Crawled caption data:
----

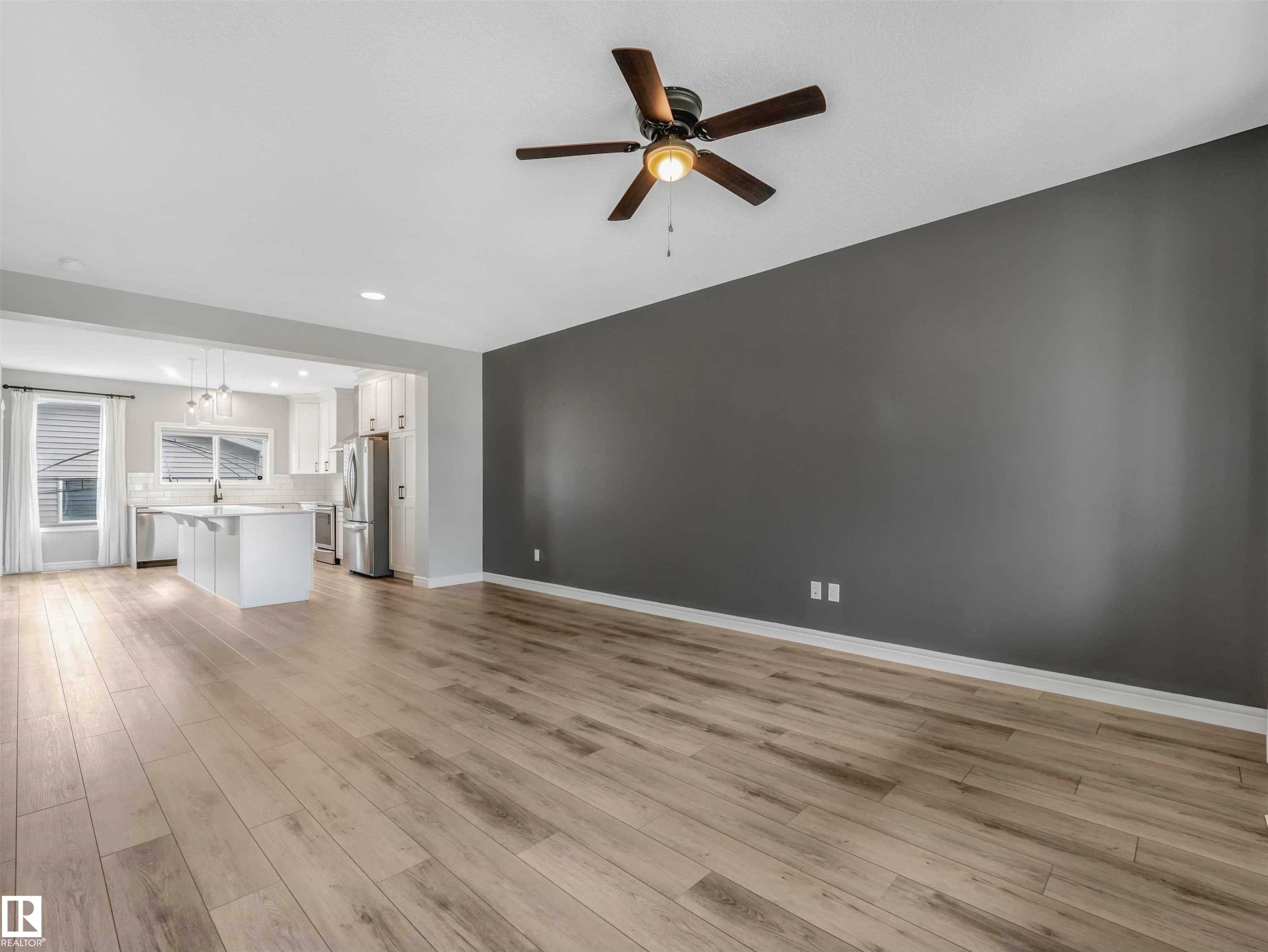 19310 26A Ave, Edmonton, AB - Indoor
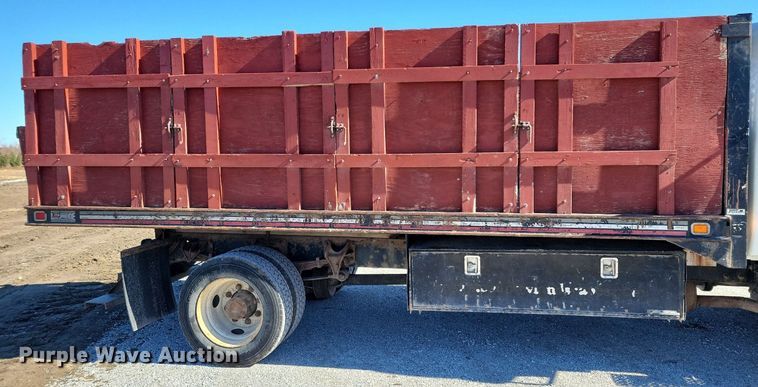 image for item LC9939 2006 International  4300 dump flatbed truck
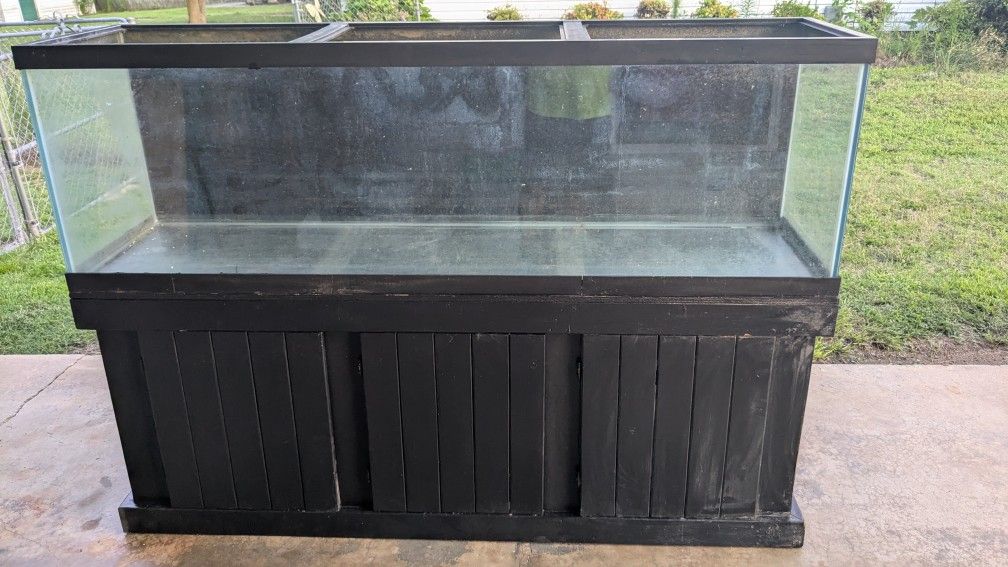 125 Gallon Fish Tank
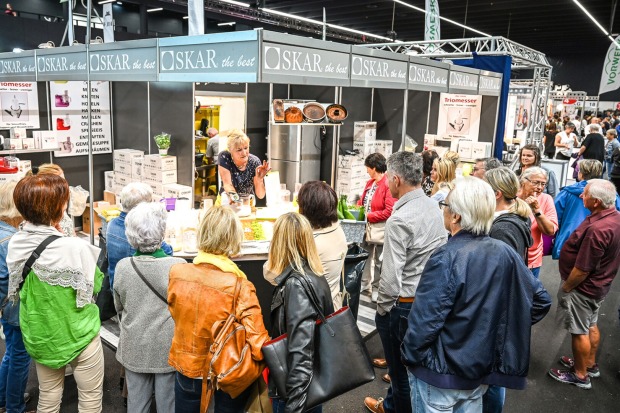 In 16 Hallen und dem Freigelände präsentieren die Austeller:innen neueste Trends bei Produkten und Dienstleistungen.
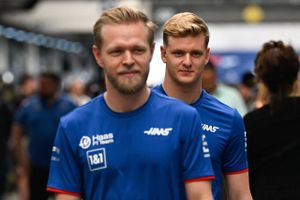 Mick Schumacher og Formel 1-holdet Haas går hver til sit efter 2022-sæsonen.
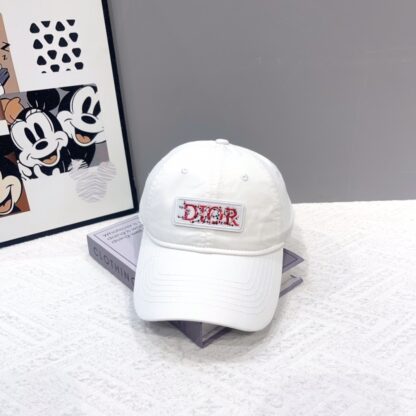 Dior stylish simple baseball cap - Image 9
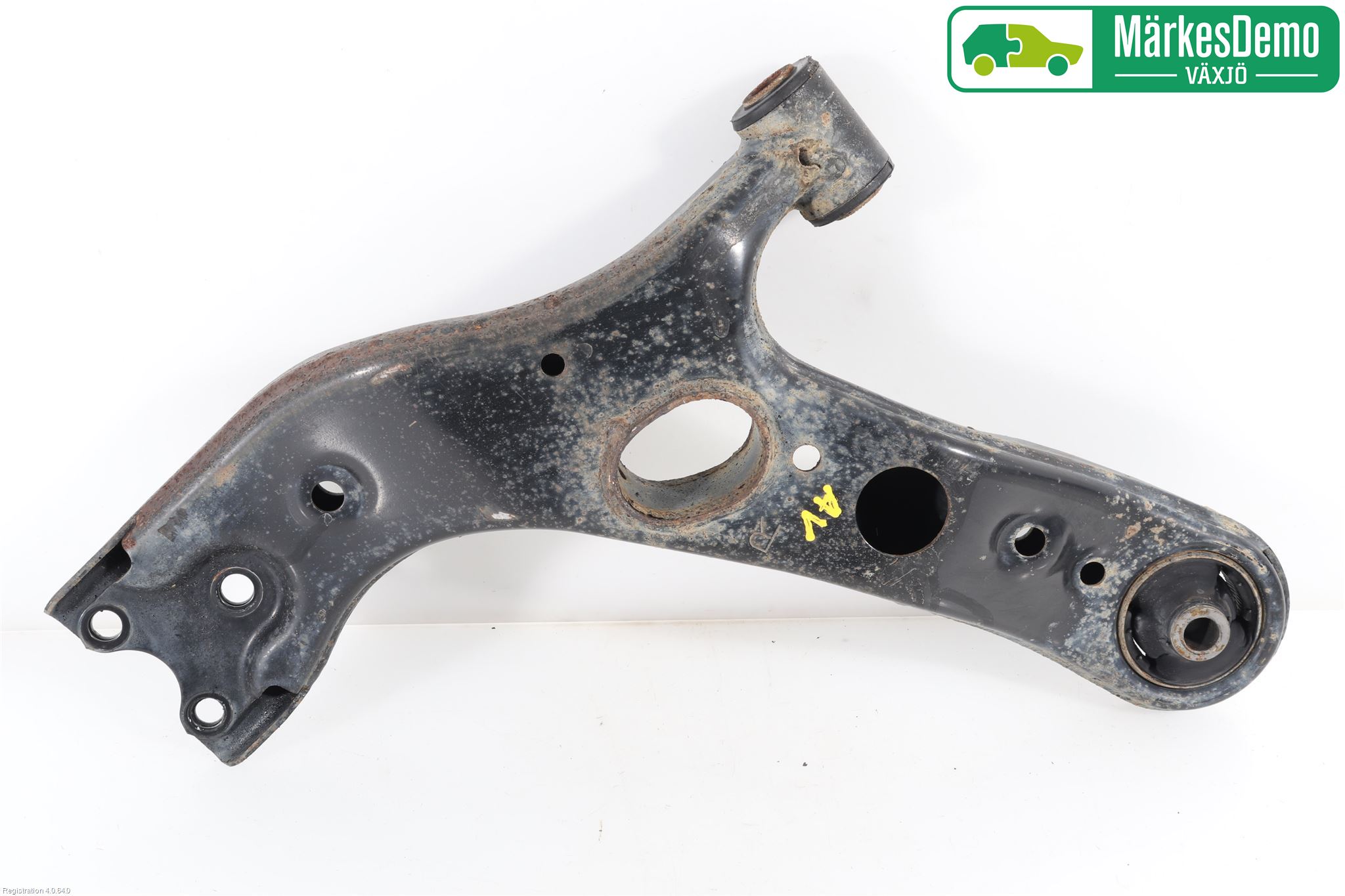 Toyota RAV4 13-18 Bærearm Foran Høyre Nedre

----

> [Task to complete]:
All lines from the one bearing "In 16 Hallen" through the last line of the records, and only those, should be duplicated exactly; no picture belongs in the copy.

> [Exercise result]:
 In 16 Hallen und dem Freigelände präsentieren die Austeller:innen neueste Trends bei Produkten und Dienstleistungen.
 Mick Schumacher og Formel 1-holdet Haas går hver til sit efter 2022-sæsonen.
 Dior stylish simple baseball cap - Image 9
 Toyota RAV4 13-18 Bærearm Foran Høyre Nedre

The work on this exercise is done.